What is expected: Please reproduce the entries below exactly, starting at the first line and ending with the line that holds "Authentic Vintage Gucci".

=== Begin Enclosure ===

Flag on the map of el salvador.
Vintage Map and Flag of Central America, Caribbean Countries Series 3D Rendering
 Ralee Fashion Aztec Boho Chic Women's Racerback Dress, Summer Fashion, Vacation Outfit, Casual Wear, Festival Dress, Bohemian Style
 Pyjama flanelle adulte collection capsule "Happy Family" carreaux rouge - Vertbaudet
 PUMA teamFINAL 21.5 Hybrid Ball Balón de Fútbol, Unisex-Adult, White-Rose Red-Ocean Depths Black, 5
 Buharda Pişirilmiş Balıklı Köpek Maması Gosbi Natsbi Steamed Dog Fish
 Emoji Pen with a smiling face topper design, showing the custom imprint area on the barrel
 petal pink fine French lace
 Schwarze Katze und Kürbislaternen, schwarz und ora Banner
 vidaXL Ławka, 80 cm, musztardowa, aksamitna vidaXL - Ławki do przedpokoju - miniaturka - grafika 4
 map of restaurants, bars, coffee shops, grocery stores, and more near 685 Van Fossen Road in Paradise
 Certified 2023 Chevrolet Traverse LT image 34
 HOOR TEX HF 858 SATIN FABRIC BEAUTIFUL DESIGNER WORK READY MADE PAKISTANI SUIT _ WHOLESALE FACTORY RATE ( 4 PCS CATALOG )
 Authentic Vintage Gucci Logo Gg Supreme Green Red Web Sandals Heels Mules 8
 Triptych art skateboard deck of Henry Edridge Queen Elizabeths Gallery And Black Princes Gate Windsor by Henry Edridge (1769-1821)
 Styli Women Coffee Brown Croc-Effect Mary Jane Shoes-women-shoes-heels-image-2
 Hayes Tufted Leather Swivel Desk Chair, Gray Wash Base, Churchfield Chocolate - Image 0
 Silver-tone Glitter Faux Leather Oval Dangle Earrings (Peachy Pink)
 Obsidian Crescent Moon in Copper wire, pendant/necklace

=== End Enclosure ===

Solved problem:
Flag on the map of el salvador.
Vintage Map and Flag of Central America, Caribbean Countries Series 3D Rendering
 Ralee Fashion Aztec Boho Chic Women's Racerback Dress, Summer Fashion, Vacation Outfit, Casual Wear, Festival Dress, Bohemian Style
 Pyjama flanelle adulte collection capsule "Happy Family" carreaux rouge - Vertbaudet
 PUMA teamFINAL 21.5 Hybrid Ball Balón de Fútbol, Unisex-Adult, White-Rose Red-Ocean Depths Black, 5
 Buharda Pişirilmiş Balıklı Köpek Maması Gosbi Natsbi Steamed Dog Fish
 Emoji Pen with a smiling face topper design, showing the custom imprint area on the barrel
 petal pink fine French lace
 Schwarze Katze und Kürbislaternen, schwarz und ora Banner
 vidaXL Ławka, 80 cm, musztardowa, aksamitna vidaXL - Ławki do przedpokoju - miniaturka - grafika 4
 map of restaurants, bars, coffee shops, grocery stores, and more near 685 Van Fossen Road in Paradise
 Certified 2023 Chevrolet Traverse LT image 34
 HOOR TEX HF 858 SATIN FABRIC BEAUTIFUL DESIGNER WORK READY MADE PAKISTANI SUIT _ WHOLESALE FACTORY RATE ( 4 PCS CATALOG )
 Authentic Vintage Gucci Logo Gg Supreme Green Red Web Sandals Heels Mules 8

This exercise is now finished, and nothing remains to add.